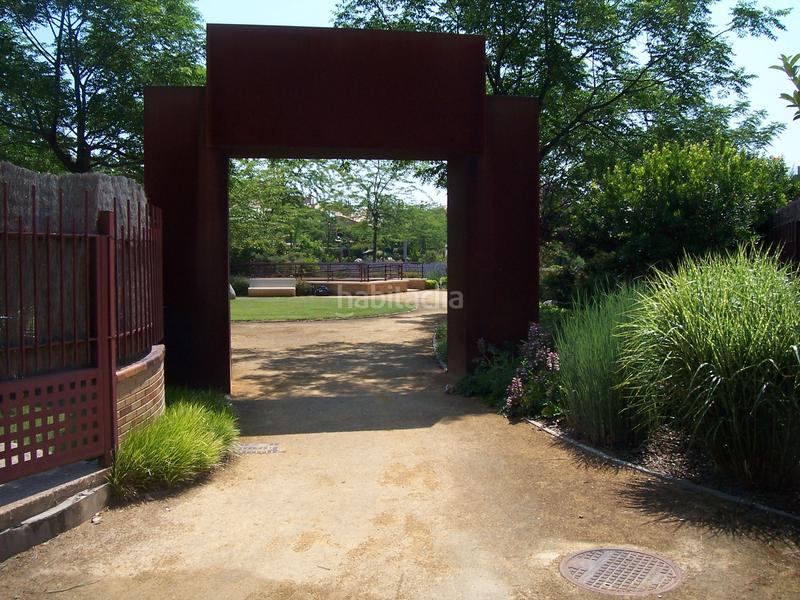 Foto b3fa9ccd-6360-46b1-aca4-b0482a7a7afc. Affitto casa bifamiliare in avenida de la ilustración 39 in Zaragoza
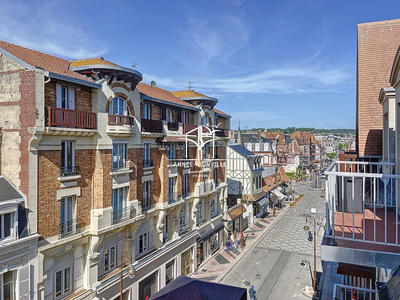 Appartement - 92 m² - 4 pièces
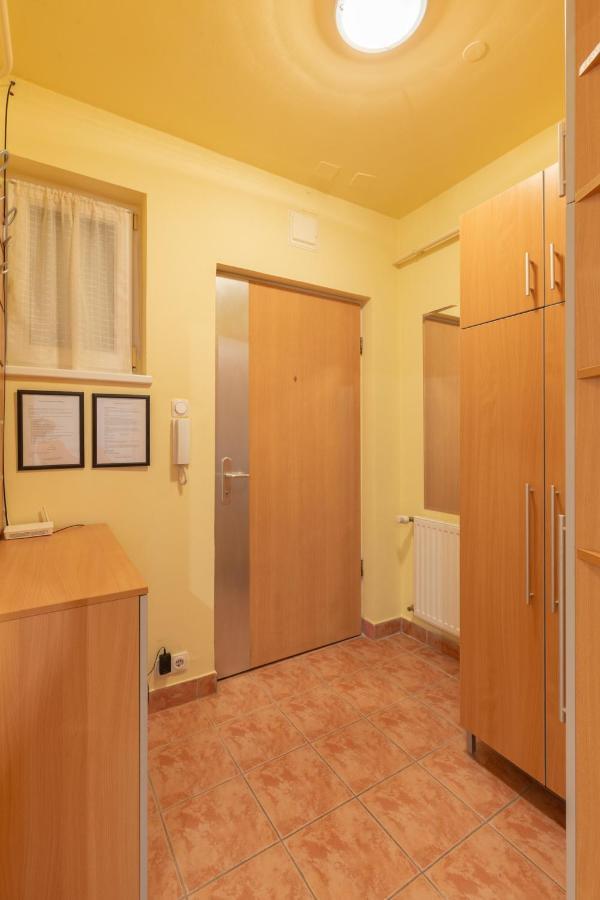 M36 Mester Apartment Budapest Luaran gambar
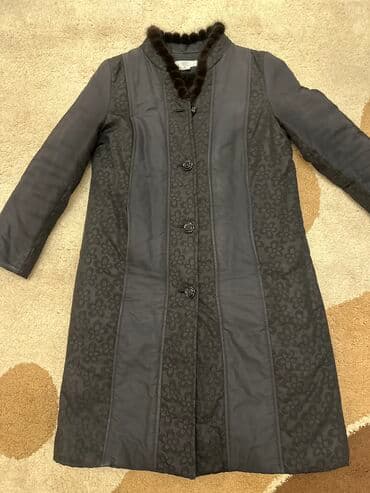 Продаю зимнее пальто. Очень теплое, легкое, комфортное. Внутри поделал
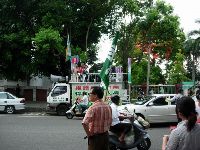 0601_025.JPG (153892 bytes)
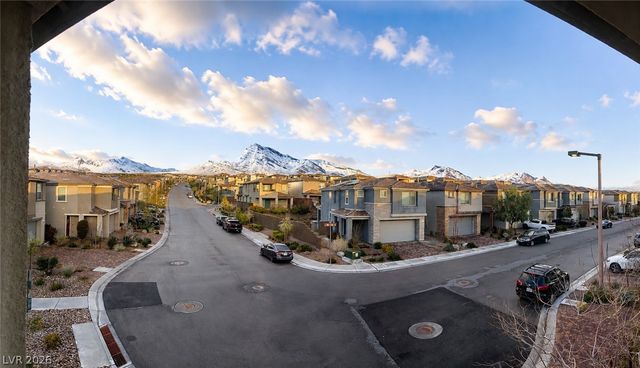 438 Wind Poppy Street, Las Vegas, NV 89138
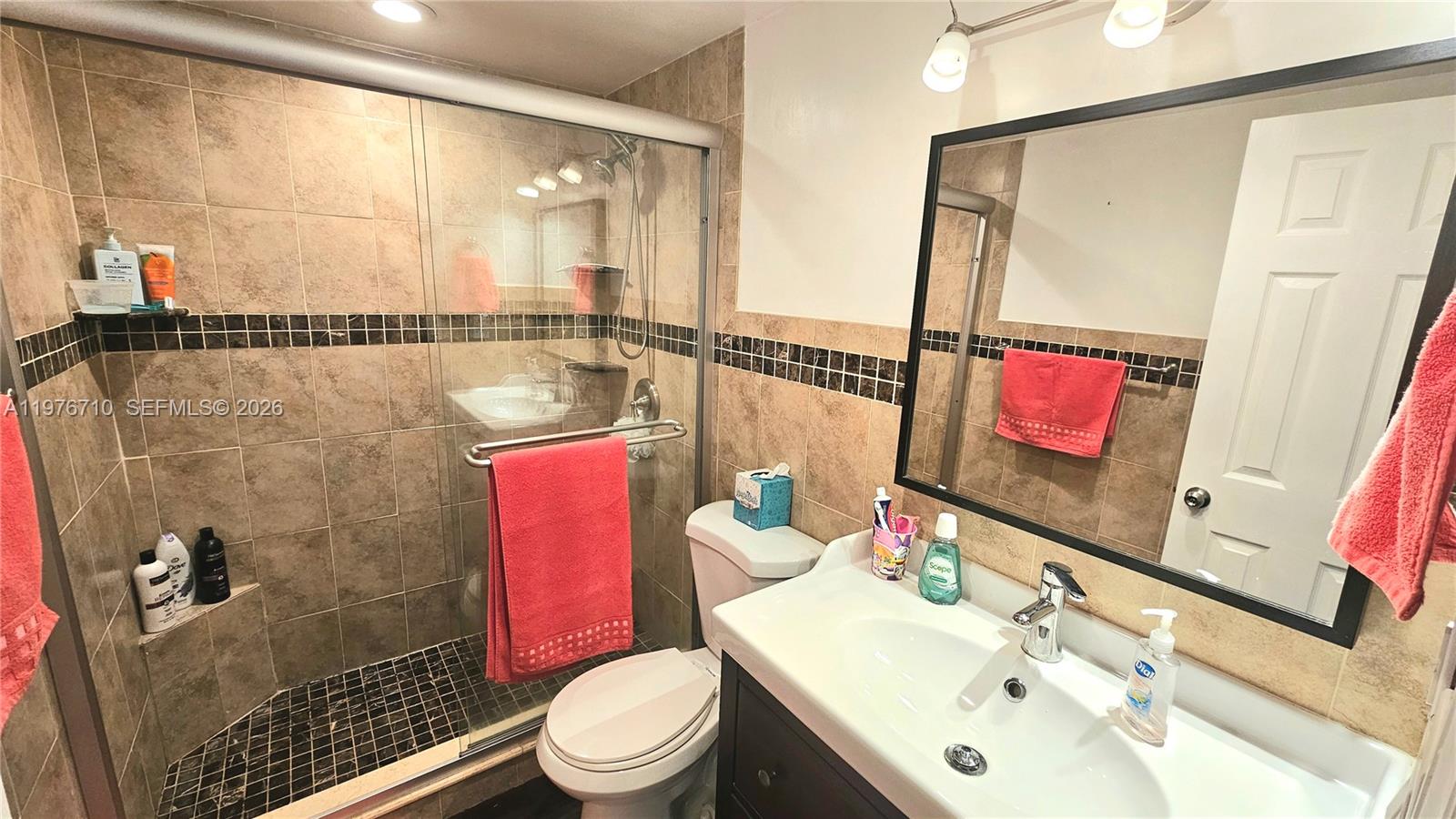 7M 1 / 2 870 sq. ft. $ 2026-03-04 0 foto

※

• [INSTRUCTIONS TO FOLLOW] Without copying any picture, repeat all of the entries exactly.

• [EXPECTED ANSWER]
 Foto b3fa9ccd-6360-46b1-aca4-b0482a7a7afc. Affitto casa bifamiliare in avenida de la ilustración 39 in Zaragoza
 Appartement - 92 m² - 4 pièces
 M36 Mester Apartment Budapest Luaran gambar
 Продаю зимнее пальто. Очень теплое, легкое, комфортное. Внутри поделал
 0601_025.JPG (153892 bytes)
 438 Wind Poppy Street, Las Vegas, NV 89138
 7M 1 / 2 870 sq. ft. $ 2026-03-04 0 foto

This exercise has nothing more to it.